**What needs to be done**
Would you please repeat exactly the entries below, starting at the line with "2024 Chevrolet Tahoe High Country photo 2" and ending at the line with "MM6 MAISON MARGIELA MM6", and nothing outside that range? Leave out the pictures.

**Given data**

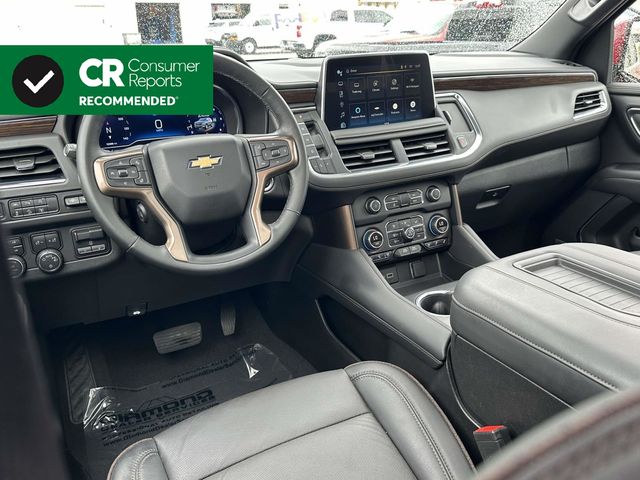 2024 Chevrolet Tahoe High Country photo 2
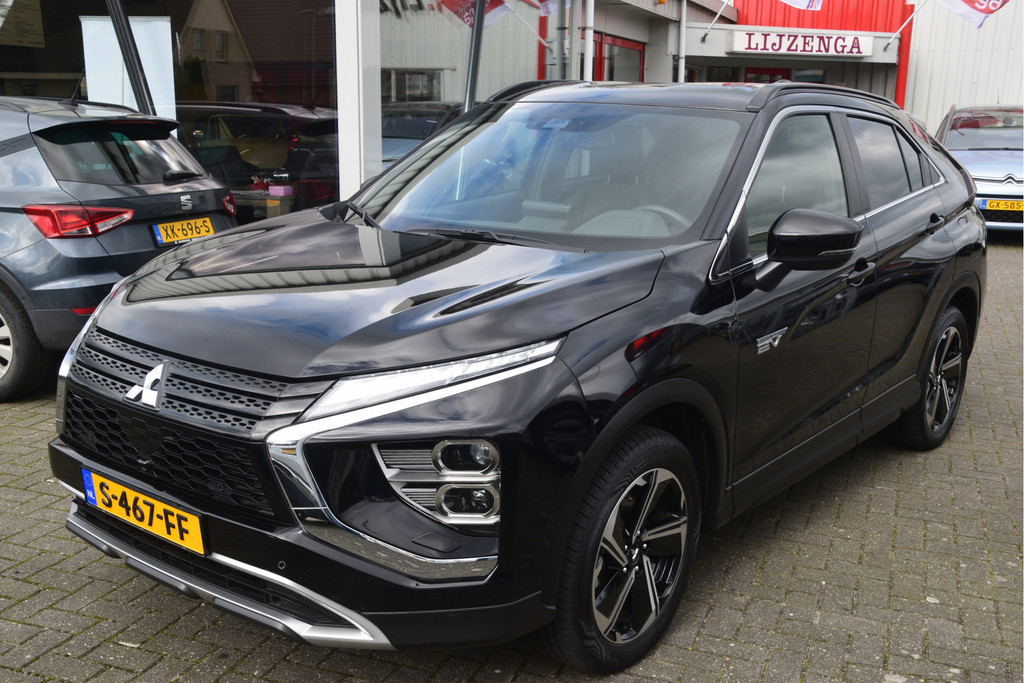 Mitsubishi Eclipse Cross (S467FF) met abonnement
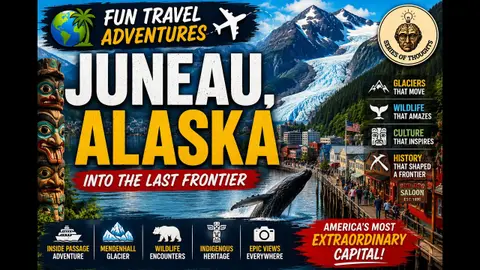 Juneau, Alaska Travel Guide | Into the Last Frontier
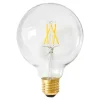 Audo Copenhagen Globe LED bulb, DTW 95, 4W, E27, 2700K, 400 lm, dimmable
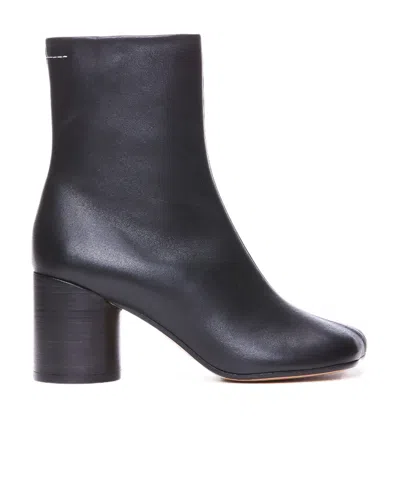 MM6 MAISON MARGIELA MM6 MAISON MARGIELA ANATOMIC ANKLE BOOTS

* * *

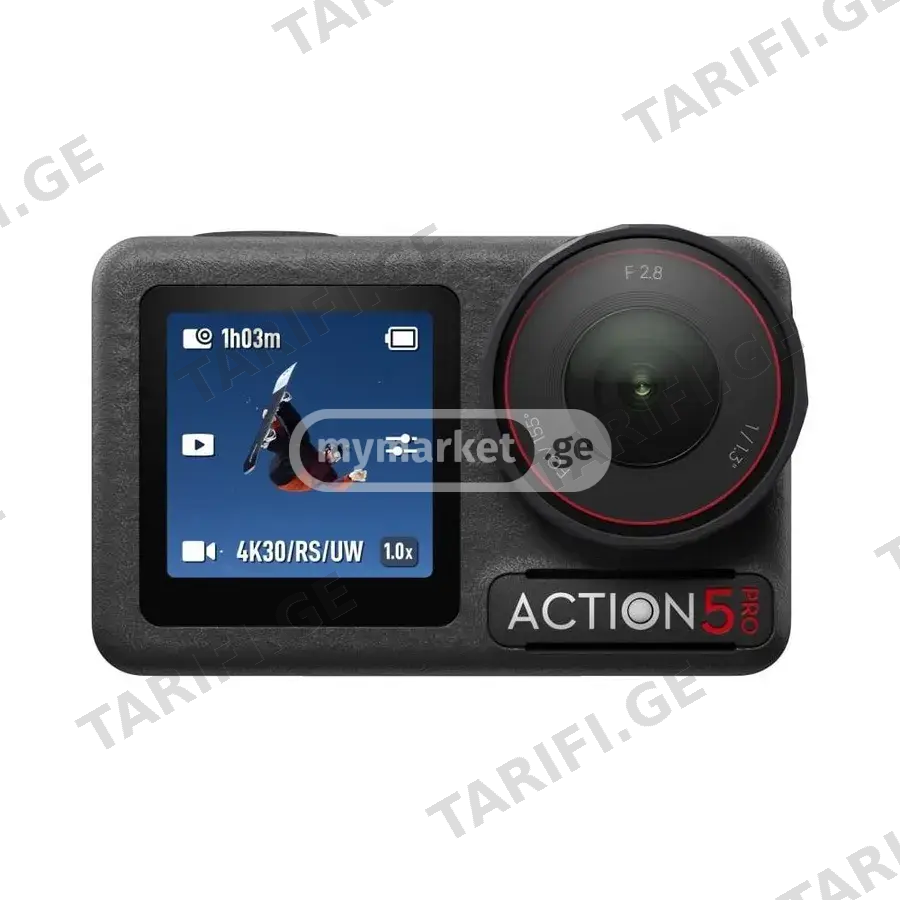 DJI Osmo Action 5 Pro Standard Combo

--

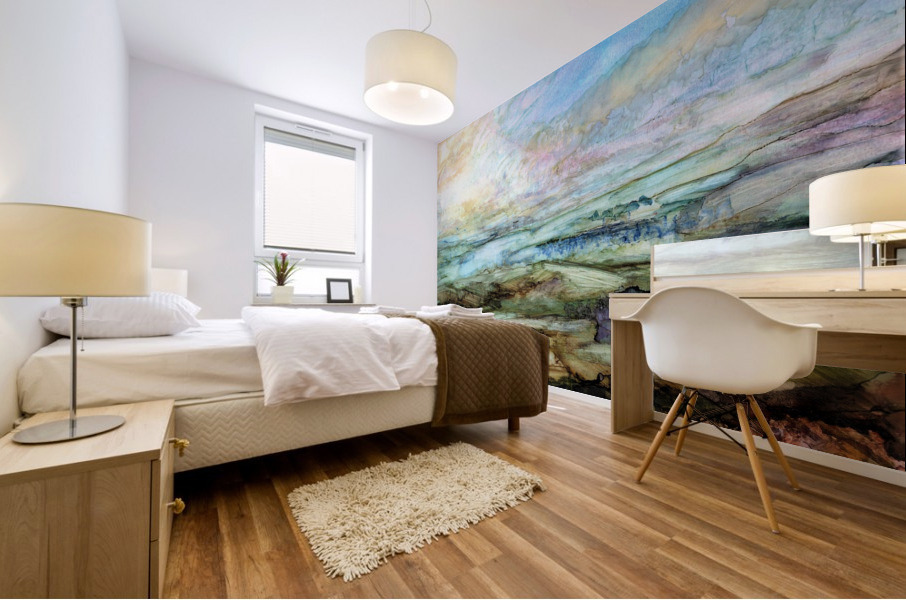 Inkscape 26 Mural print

**Result of the task**
 2024 Chevrolet Tahoe High Country photo 2
 Mitsubishi Eclipse Cross (S467FF) met abonnement
 Juneau, Alaska Travel Guide | Into the Last Frontier
 Audo Copenhagen Globe LED bulb, DTW 95, 4W, E27, 2700K, 400 lm, dimmable
 MM6 MAISON MARGIELA MM6 MAISON MARGIELA ANATOMIC ANKLE BOOTS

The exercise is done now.